### Source data
■ ■ ■ ■ ■

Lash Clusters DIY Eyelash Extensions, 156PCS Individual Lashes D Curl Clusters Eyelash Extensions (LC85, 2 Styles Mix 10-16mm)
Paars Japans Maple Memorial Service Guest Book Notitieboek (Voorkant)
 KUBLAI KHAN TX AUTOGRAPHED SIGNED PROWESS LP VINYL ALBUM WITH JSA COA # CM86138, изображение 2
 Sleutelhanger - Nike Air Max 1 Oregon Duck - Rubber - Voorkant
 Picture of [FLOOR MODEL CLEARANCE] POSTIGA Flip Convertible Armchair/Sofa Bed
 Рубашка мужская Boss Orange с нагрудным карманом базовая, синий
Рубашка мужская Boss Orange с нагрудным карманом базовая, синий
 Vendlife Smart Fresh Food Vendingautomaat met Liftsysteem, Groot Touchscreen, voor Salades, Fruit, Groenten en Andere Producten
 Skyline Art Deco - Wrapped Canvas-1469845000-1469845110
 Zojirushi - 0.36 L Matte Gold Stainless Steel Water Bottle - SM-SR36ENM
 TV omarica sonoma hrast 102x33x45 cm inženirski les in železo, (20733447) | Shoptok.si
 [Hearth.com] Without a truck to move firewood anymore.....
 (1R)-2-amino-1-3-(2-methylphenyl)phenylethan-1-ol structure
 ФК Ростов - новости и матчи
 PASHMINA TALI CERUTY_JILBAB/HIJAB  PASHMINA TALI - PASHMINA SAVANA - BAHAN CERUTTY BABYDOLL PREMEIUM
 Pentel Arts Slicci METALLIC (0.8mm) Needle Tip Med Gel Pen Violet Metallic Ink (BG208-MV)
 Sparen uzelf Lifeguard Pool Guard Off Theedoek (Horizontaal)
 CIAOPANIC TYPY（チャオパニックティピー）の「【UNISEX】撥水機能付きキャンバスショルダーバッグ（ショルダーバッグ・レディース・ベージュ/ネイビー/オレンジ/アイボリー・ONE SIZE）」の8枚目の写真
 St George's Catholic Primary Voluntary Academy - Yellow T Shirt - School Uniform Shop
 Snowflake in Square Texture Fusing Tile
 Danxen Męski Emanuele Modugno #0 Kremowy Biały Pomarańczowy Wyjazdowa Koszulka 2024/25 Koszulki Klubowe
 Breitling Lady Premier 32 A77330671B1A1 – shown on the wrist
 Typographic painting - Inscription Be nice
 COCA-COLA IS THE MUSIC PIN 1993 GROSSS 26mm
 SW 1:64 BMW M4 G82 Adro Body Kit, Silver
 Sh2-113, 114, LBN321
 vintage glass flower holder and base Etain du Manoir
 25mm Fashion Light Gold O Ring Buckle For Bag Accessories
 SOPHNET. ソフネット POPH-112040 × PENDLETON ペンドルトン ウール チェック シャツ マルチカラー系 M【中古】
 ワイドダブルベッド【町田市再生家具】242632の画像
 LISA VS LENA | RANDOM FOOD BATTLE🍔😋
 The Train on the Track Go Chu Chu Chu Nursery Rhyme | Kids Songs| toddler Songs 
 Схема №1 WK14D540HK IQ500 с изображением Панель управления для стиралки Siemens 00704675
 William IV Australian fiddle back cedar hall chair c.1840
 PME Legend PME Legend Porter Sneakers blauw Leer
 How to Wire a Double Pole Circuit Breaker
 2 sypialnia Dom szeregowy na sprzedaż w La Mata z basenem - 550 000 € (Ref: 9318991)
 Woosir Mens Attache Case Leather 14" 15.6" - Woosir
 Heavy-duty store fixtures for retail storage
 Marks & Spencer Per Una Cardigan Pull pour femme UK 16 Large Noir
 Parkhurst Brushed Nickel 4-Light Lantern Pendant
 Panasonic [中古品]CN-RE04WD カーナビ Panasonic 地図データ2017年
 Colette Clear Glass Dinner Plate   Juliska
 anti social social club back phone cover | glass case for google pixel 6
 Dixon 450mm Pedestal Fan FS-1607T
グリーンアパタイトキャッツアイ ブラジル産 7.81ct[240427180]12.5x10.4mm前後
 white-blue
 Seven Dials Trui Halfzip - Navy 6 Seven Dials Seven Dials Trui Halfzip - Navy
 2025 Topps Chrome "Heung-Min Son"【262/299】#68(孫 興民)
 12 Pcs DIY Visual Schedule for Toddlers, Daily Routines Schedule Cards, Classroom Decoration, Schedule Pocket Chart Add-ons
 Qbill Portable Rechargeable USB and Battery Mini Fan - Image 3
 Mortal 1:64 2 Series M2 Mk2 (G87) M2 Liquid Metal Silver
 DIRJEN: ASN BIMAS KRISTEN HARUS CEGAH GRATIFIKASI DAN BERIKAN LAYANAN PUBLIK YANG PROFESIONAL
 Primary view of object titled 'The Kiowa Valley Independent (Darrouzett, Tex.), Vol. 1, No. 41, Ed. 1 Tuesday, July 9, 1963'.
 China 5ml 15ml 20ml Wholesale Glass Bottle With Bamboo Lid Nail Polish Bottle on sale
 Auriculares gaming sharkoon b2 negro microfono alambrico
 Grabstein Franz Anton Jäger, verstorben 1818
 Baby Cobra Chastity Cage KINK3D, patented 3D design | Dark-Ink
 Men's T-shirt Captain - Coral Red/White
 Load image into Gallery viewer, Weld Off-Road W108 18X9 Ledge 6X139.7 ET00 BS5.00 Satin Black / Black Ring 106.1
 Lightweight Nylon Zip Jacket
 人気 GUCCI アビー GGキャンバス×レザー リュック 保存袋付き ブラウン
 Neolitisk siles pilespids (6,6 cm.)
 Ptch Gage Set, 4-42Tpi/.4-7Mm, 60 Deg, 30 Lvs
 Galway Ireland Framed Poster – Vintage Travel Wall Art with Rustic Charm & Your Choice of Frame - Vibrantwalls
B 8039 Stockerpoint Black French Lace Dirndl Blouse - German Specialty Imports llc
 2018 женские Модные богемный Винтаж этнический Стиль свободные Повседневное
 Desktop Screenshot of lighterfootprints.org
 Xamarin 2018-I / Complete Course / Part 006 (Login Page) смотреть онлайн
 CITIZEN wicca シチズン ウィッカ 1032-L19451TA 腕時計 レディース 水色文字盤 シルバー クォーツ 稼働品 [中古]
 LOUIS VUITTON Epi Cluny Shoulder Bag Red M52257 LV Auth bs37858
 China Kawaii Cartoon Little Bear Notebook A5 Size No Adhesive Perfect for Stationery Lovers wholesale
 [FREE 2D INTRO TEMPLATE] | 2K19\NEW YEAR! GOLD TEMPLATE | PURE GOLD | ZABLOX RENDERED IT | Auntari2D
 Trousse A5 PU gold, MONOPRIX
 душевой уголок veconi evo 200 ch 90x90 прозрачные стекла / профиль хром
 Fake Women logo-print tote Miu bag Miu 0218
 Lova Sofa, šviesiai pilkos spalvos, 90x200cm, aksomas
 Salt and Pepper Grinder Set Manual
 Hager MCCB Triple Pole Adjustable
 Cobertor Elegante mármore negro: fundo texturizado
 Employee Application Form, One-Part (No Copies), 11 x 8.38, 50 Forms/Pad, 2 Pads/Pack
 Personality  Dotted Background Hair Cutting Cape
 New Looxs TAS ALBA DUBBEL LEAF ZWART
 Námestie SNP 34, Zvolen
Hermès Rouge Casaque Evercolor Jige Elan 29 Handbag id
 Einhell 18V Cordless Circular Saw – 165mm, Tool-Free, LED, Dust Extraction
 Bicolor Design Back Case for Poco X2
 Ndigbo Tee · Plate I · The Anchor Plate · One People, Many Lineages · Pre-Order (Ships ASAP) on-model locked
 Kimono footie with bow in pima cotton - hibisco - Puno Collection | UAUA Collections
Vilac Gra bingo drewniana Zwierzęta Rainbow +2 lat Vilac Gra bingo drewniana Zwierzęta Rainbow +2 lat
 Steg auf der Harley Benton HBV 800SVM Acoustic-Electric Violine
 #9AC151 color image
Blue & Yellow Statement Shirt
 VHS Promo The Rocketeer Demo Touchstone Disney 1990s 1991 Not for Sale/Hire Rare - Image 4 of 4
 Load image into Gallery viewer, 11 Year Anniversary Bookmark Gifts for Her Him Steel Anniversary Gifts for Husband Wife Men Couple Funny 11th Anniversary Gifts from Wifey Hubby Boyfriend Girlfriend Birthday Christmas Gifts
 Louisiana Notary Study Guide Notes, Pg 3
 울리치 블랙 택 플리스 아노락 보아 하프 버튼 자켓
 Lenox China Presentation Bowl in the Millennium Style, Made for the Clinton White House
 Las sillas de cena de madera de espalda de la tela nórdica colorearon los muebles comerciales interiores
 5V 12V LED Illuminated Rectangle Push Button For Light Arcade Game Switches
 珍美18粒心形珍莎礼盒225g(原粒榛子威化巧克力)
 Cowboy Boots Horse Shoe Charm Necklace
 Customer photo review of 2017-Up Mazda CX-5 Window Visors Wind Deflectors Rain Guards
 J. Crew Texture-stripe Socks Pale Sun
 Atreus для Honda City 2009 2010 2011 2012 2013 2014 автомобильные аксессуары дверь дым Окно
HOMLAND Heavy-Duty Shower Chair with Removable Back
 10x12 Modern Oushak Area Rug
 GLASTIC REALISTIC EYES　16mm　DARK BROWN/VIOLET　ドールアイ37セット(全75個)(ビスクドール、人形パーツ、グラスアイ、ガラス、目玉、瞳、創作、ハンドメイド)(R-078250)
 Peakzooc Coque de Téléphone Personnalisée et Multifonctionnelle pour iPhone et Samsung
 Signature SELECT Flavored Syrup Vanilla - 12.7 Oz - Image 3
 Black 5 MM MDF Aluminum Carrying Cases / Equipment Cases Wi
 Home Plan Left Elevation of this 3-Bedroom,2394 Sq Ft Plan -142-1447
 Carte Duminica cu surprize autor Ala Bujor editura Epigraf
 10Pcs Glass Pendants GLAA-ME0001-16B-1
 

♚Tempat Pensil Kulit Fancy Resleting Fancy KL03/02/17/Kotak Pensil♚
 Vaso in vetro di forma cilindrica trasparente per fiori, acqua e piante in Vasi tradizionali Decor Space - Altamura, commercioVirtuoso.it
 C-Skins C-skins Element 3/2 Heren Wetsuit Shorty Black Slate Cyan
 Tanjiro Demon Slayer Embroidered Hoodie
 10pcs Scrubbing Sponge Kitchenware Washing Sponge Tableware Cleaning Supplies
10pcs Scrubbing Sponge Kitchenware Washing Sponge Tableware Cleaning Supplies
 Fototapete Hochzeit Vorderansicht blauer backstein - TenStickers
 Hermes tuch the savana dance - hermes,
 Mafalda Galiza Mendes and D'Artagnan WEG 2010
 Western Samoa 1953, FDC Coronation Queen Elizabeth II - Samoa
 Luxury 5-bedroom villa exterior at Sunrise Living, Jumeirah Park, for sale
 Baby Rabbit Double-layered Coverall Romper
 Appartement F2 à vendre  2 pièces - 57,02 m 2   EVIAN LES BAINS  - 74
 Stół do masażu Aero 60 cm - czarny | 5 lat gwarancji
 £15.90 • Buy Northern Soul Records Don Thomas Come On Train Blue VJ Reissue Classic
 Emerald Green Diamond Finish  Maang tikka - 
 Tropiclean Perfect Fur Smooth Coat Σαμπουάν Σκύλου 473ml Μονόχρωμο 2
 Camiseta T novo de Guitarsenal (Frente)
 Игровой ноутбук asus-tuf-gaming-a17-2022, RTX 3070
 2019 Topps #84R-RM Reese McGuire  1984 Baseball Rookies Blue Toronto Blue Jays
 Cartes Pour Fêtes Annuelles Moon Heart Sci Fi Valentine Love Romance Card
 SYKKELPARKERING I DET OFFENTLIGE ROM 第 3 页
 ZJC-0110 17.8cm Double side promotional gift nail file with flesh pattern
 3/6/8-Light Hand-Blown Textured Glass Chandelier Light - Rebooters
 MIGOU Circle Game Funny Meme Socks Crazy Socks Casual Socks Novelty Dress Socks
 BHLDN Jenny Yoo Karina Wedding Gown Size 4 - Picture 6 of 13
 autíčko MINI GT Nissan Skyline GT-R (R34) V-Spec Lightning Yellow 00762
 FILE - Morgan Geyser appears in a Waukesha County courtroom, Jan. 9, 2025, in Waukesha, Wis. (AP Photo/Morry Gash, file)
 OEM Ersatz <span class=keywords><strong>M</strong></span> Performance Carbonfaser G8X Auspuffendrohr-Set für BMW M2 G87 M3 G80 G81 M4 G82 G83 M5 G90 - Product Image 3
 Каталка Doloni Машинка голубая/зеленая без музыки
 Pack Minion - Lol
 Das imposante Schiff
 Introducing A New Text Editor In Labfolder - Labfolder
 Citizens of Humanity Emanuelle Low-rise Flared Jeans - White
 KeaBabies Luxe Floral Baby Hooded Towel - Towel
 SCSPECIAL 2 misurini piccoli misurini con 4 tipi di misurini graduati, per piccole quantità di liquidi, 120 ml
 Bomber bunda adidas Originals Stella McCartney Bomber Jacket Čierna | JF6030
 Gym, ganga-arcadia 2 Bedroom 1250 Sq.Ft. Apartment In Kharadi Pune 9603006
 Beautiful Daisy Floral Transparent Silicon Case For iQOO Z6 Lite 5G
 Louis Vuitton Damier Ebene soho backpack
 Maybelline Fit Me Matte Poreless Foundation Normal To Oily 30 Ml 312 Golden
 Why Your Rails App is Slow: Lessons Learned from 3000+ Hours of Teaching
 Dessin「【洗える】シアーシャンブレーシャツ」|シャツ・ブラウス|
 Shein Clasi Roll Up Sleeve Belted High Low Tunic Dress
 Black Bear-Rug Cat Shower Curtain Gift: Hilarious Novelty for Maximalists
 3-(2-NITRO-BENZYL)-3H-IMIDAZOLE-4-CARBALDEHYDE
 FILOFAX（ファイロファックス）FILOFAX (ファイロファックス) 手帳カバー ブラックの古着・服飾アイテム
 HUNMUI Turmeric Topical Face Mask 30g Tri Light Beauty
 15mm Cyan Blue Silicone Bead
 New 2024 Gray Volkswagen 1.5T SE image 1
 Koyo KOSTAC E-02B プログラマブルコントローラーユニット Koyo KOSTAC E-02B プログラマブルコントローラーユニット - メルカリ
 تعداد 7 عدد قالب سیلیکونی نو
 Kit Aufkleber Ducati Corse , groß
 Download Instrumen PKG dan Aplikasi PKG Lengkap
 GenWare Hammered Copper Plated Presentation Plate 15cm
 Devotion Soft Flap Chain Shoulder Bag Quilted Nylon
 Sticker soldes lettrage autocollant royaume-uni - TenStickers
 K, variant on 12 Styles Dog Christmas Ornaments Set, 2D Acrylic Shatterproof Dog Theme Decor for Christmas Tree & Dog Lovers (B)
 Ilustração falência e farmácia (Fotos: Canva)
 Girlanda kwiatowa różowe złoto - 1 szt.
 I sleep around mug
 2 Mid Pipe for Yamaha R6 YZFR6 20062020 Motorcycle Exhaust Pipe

■ ■ ■ ■ ■

### Work item
The expected answer is an exact copy of the lines above, beginning at the line with "China 5ml 15ml" and ending at the line with "Ptch Gage Set, 4-42Tpi/.4-7Mm, 60", with both ends in.

### Response box
 China 5ml 15ml 20ml Wholesale Glass Bottle With Bamboo Lid Nail Polish Bottle on sale
 Auriculares gaming sharkoon b2 negro microfono alambrico
 Grabstein Franz Anton Jäger, verstorben 1818
 Baby Cobra Chastity Cage KINK3D, patented 3D design | Dark-Ink
 Men's T-shirt Captain - Coral Red/White
 Load image into Gallery viewer, Weld Off-Road W108 18X9 Ledge 6X139.7 ET00 BS5.00 Satin Black / Black Ring 106.1
 Lightweight Nylon Zip Jacket
 人気 GUCCI アビー GGキャンバス×レザー リュック 保存袋付き ブラウン
 Neolitisk siles pilespids (6,6 cm.)
 Ptch Gage Set, 4-42Tpi/.4-7Mm, 60 Deg, 30 Lvs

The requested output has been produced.